Ramaphosa and Gigaba have allowed a good crisis to go to waste.
Budgets do not represent the sum total of a government’s economic policy. They indicate the direction of things to come. As many suspected, the 2018 budget will hit poor and working class people harder. They will bear the brunt of expenditure and tax proposals meant to resolve the debt crisis the economy was heading towards.
Gigaba and Ramaphosa have set us on a path of economic regression. The optimism that greeted the demise of former President Jacob Zuma and Ramaphosa’s ascent to power will be eroded. It will be eroded by a futile attempt at going back to GEAR and an outdated reliance on the Mineral Energy Complex. The poverty, unemployment and inequality these strategies have spawned will get worse.
This budget is GEAR-like, in the deep cuts in expenditure and the reliance on anti-poor tax policies. The industrial strategy it envisages is based on stimulating mining and related heavy industries into somehow becoming “sunrise” industries. In fact, their time has passed. There will be no significant rise of the gold, platinum, coal and iron sectors.
It is also GEAR-like in its wager that the global economy and opening further to foreign investors will rescue the South African economy. Even when SA had an iconic President in the form of Mandela, foreign investment failed to materialise. New president Ramaphosa should not be under the illusion that “Special Economic Zones”, subsidised wages for big business and privatisation of state-owned enterprises will bring “manna from heaven”.

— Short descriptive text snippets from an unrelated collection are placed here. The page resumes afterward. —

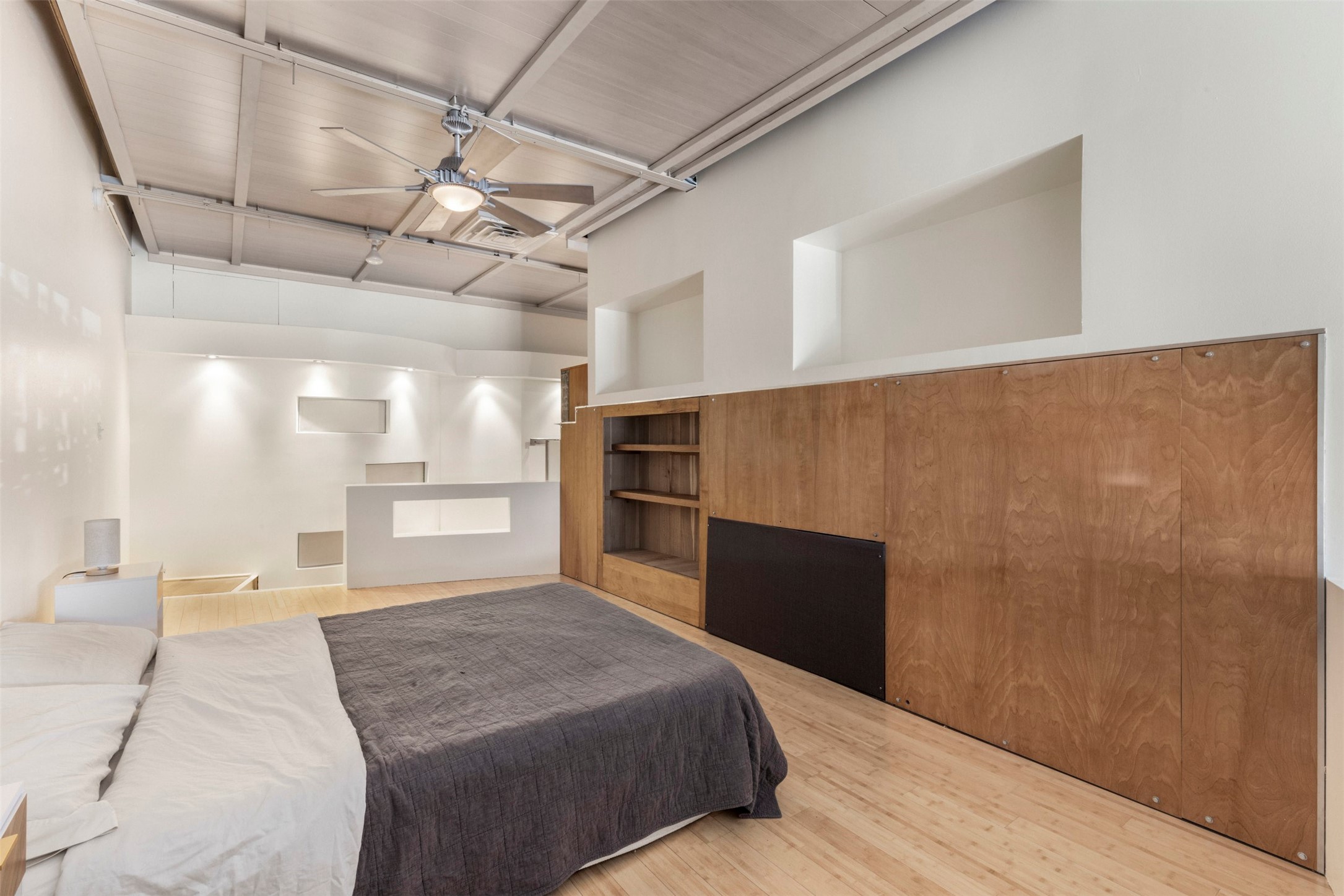 215 N Walton Street 9 & 11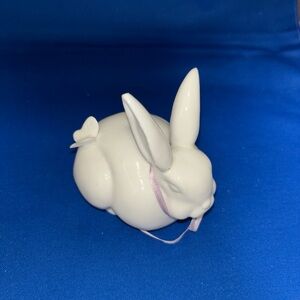 Vintage White Easter Bunny w Butterfly Dept. 56 50% Fine Bone China Taiwan
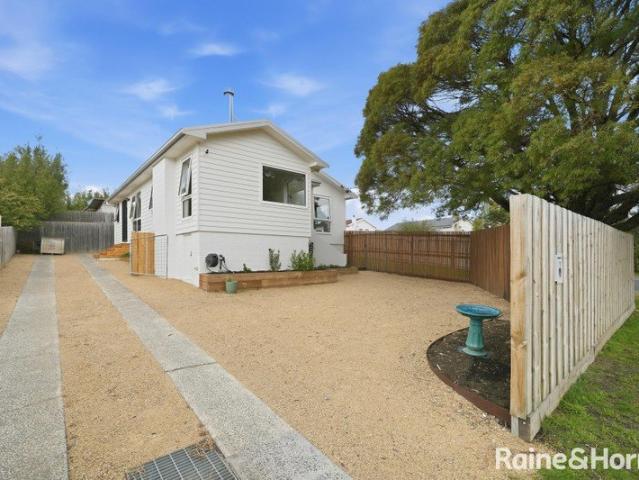 Stylish, Modern & Completely Renovated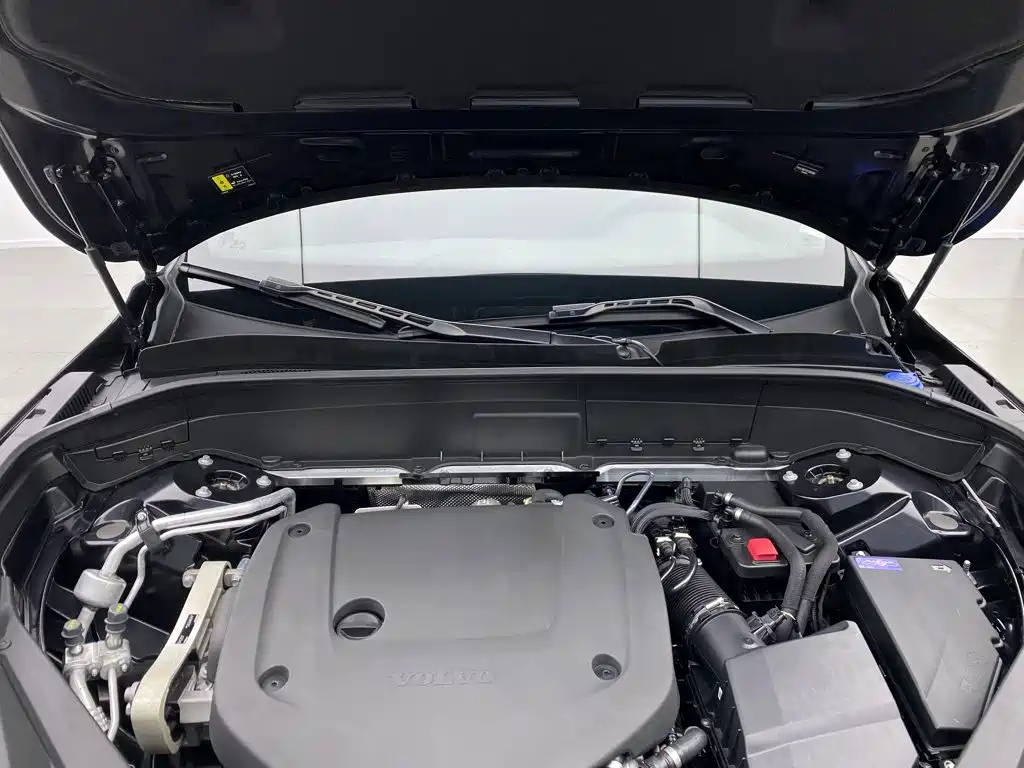 Фото 9 - Volvo XC90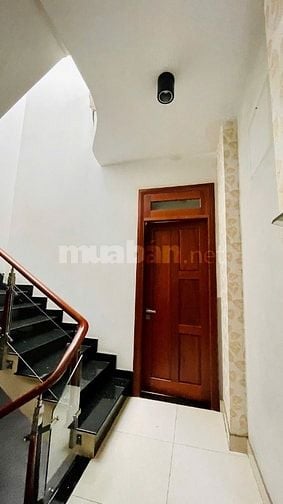 Cho thuê nhà 345 Tân Hương, 4x20m, 3 lầu sân thượng, Giá 30 triệu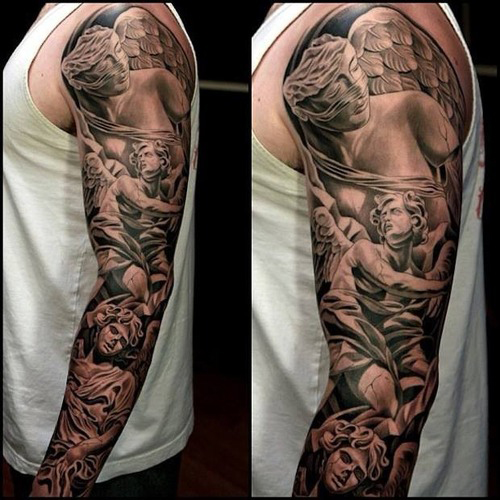 tatouage avant bras noir et blanc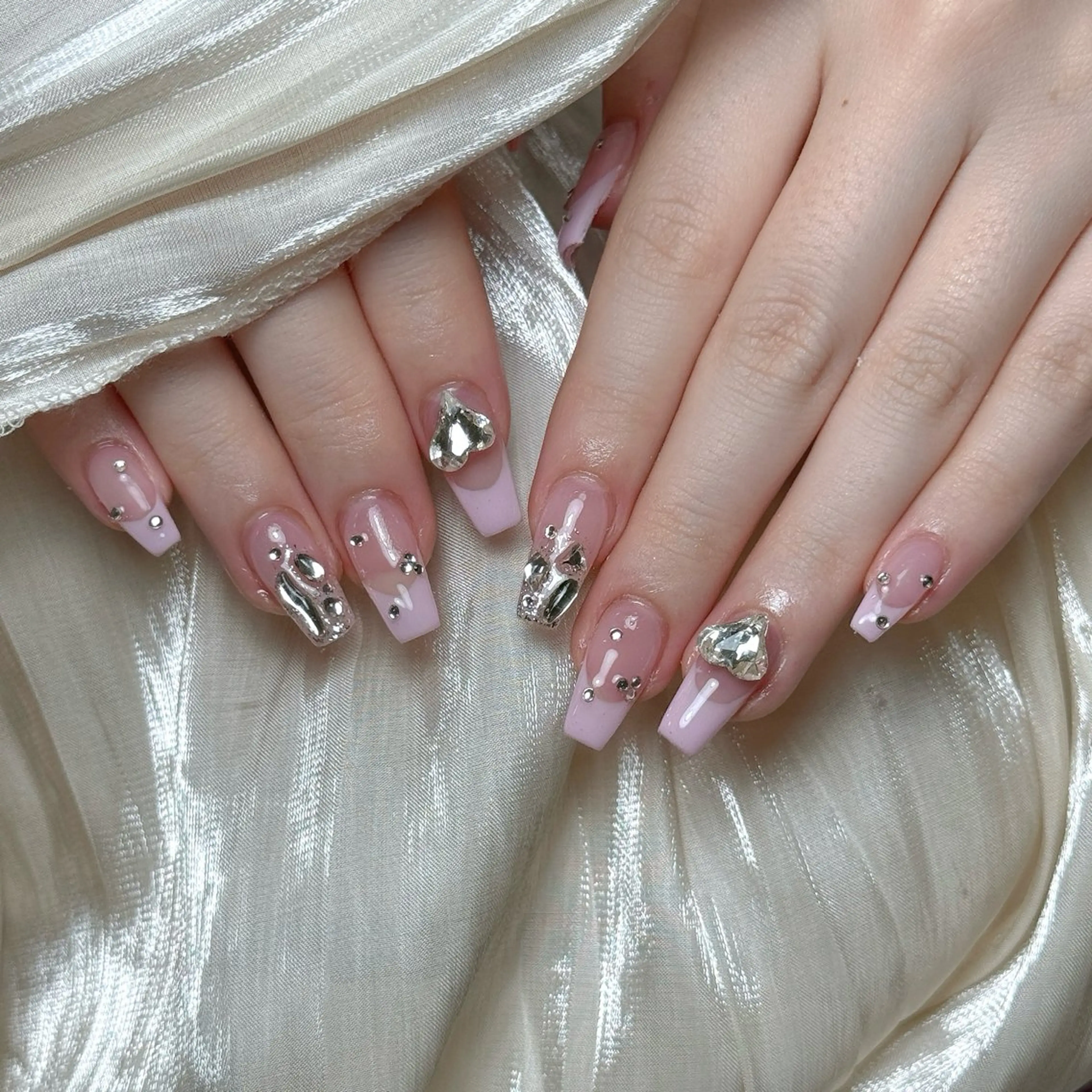 ネイル Maggie Nail🦩のネイルデザイン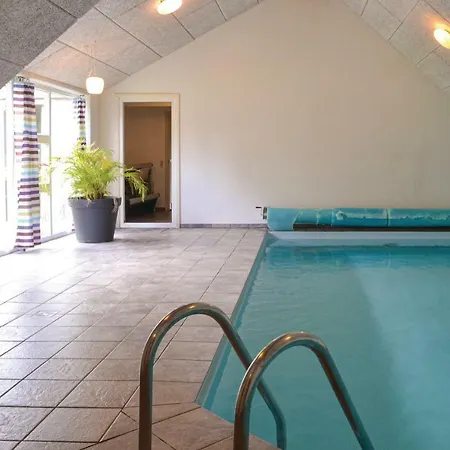 Stunning In With Private Swimming Pool, Can Be Inside Or Outside * Oksbol (Syddanmark)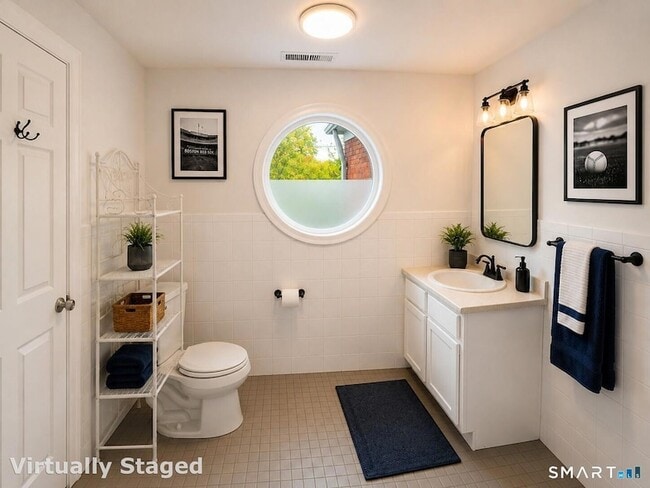 Photo - 47 E Maple St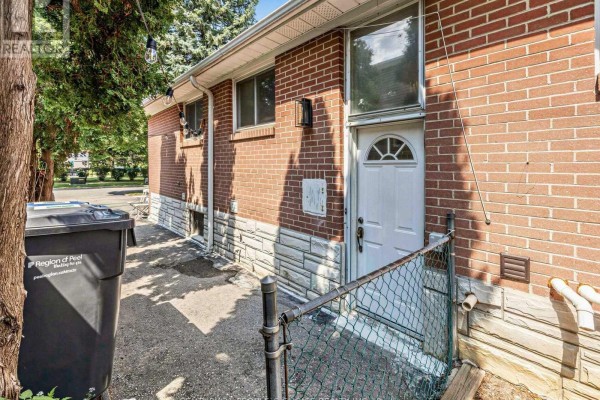 Living room - 1465 Glen Rutley Circle, Mississauga, ON L4X1Z8 Photo 2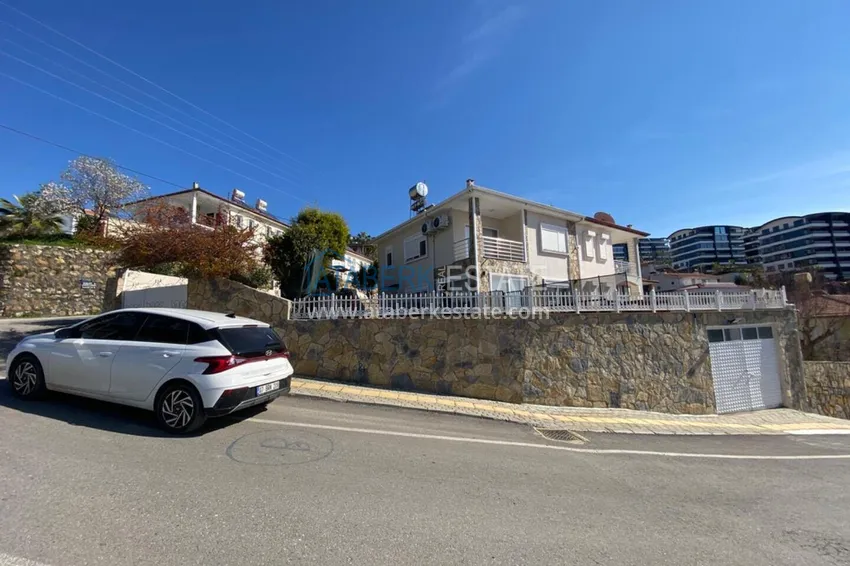 3+1 two-storey private house with pool and fully furnished in Kargicak 2 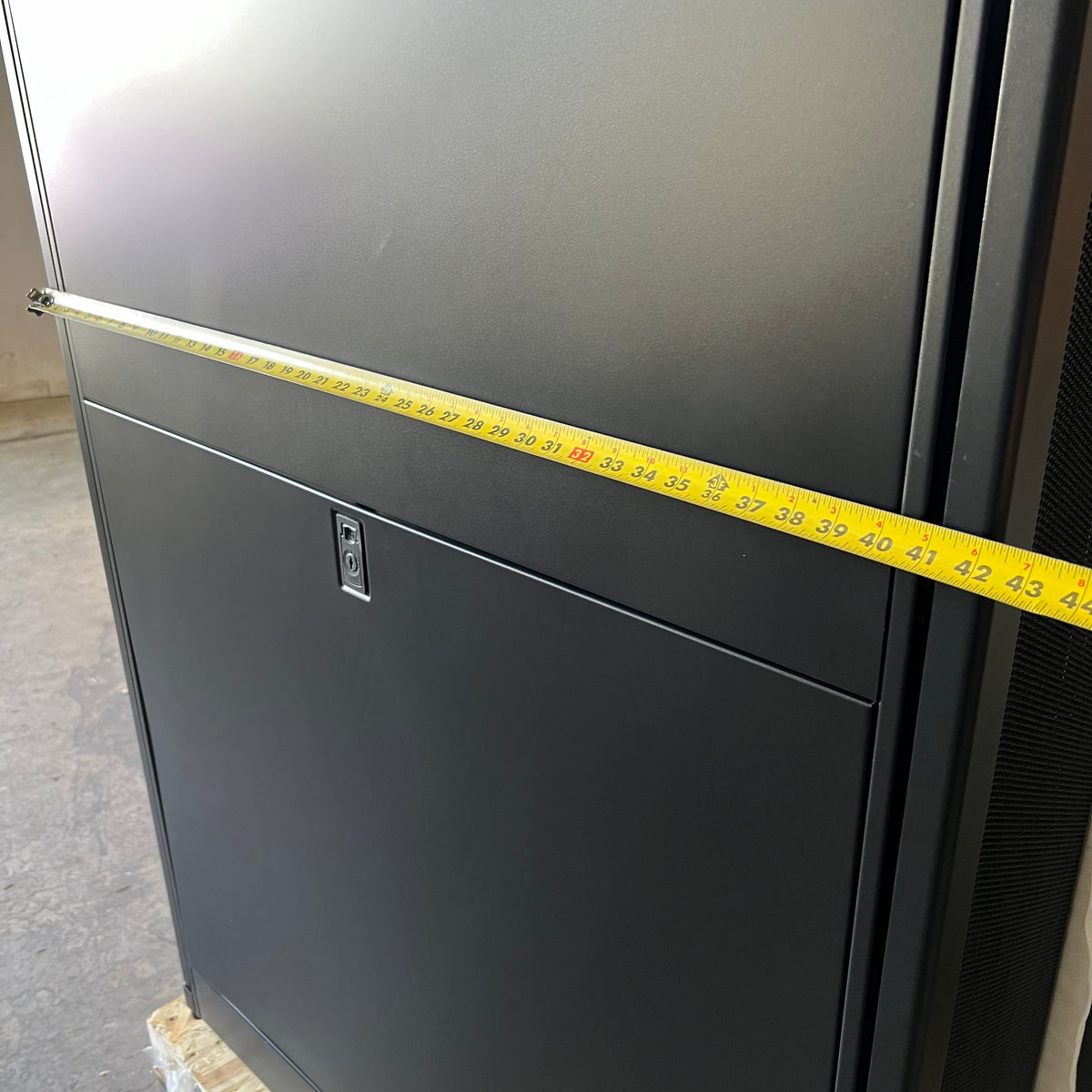 APC Netshelter Sx 42U Server Rack Enclosure Sz 24"W x 43"L x 78.5"H - Black AR3100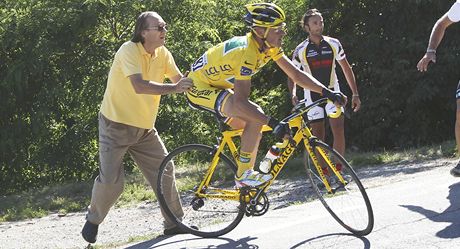 Fanouci pomáhají Thomasi Voecklerovi zpt na tra poté, co lídr Tour de France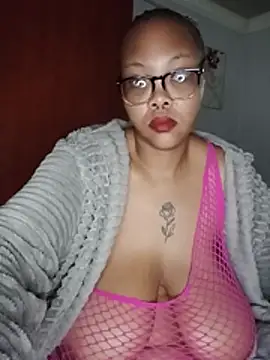 Snapshot of ShantelBootyBoobs chatting on 07.18.26 ShantelBootyBoobs online show from 07.18.26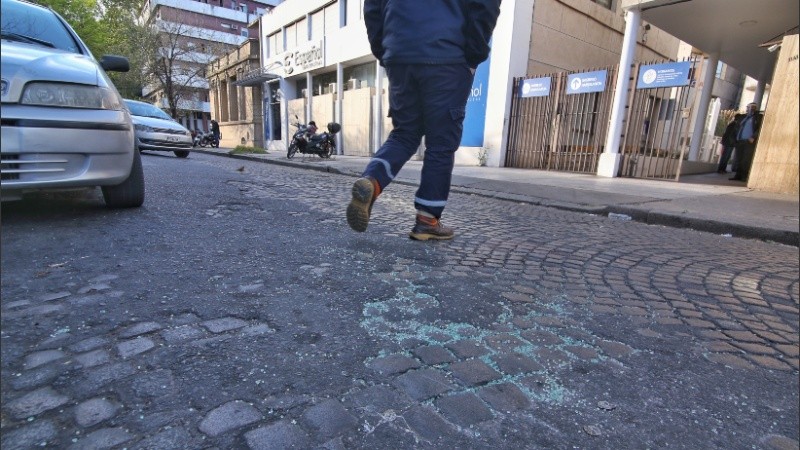 Vidrios rotos de la ventanilla del Chevrolet robado. 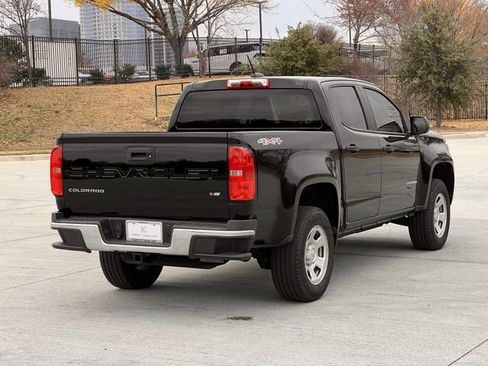 Used 2021 Chevrolet Colorado W/T w/ WT Convenience Package image 3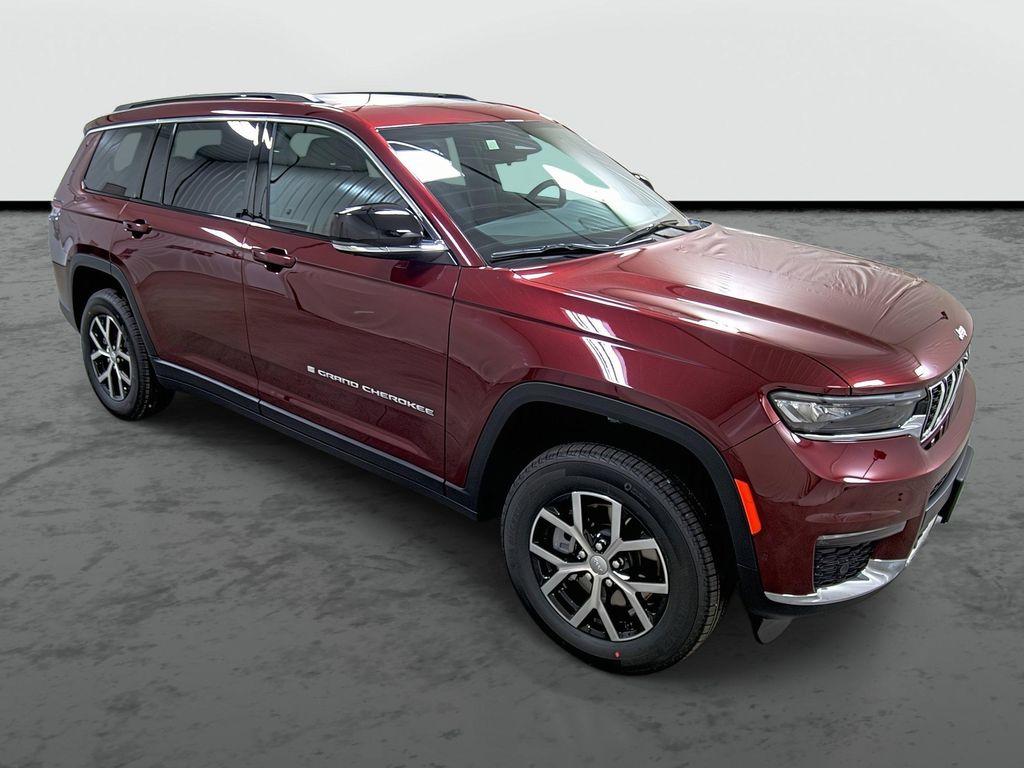 new 2025 Jeep Grand Cherokee L car, priced at $47,030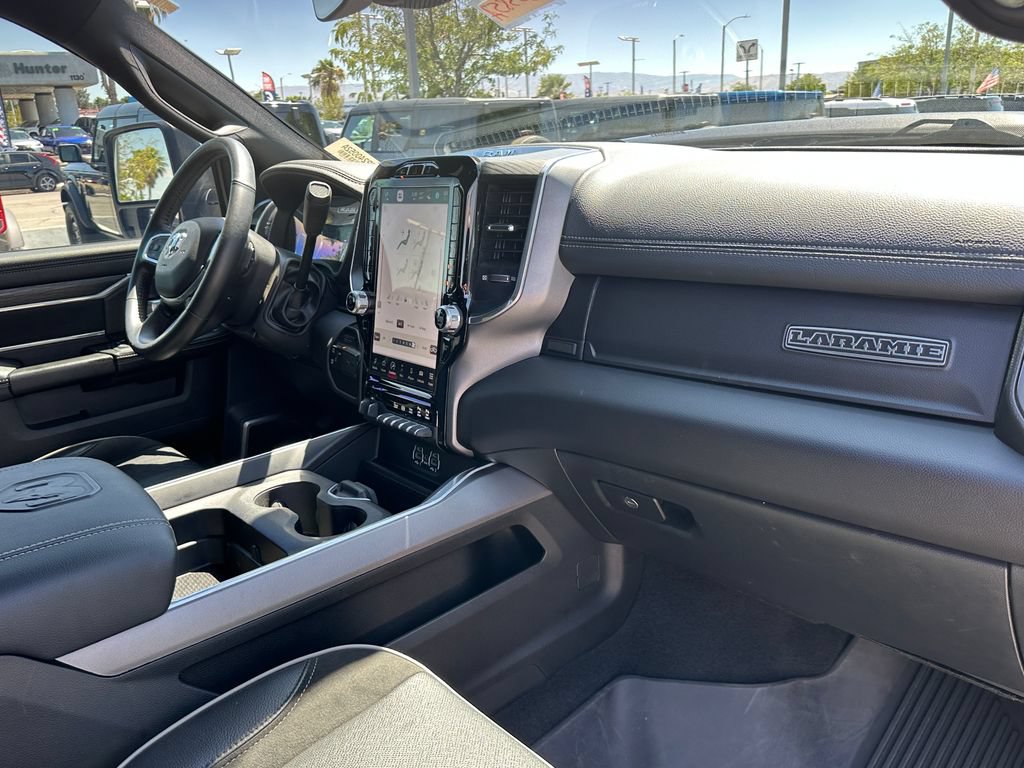 Used 2023 RAM 3500 Laramie AWD/4WD image 15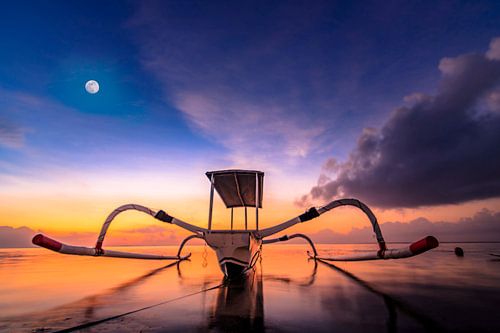 Prachtige klassieke Aziatische vissersboot op het strand van Bali in Sanur. De Jukung ligt bij zonso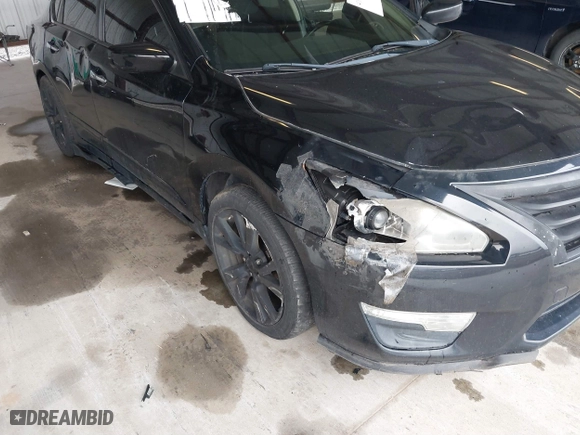 2015 Nissan Altima 2.5 with VIN 1N4AL3AP3FC129971, listed as a IAAI auction lot 41847341 with 175,711 mi miles. Bid and sale history available at carsss.com. Image 6.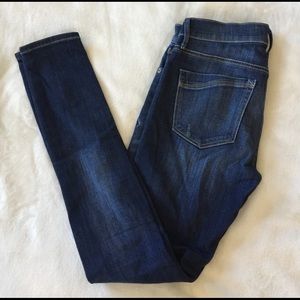 Dark Skinny Jeans With Knee Rips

The government should not have increased VAT! There are several alternatives that can provide sufficient funds to deal with the social and economic misery that the vast majority suffer. For example, and contrary to mainstream belief, personal income tax could have been adjusted to restore the effective tax rate on the rich as it was 12-15 years ago. This alone would realise over R100 billion.[1]No doubt, we will now experience how unscrupulous shop owners increase prices by much more than 1 percentage point of VAT allow them.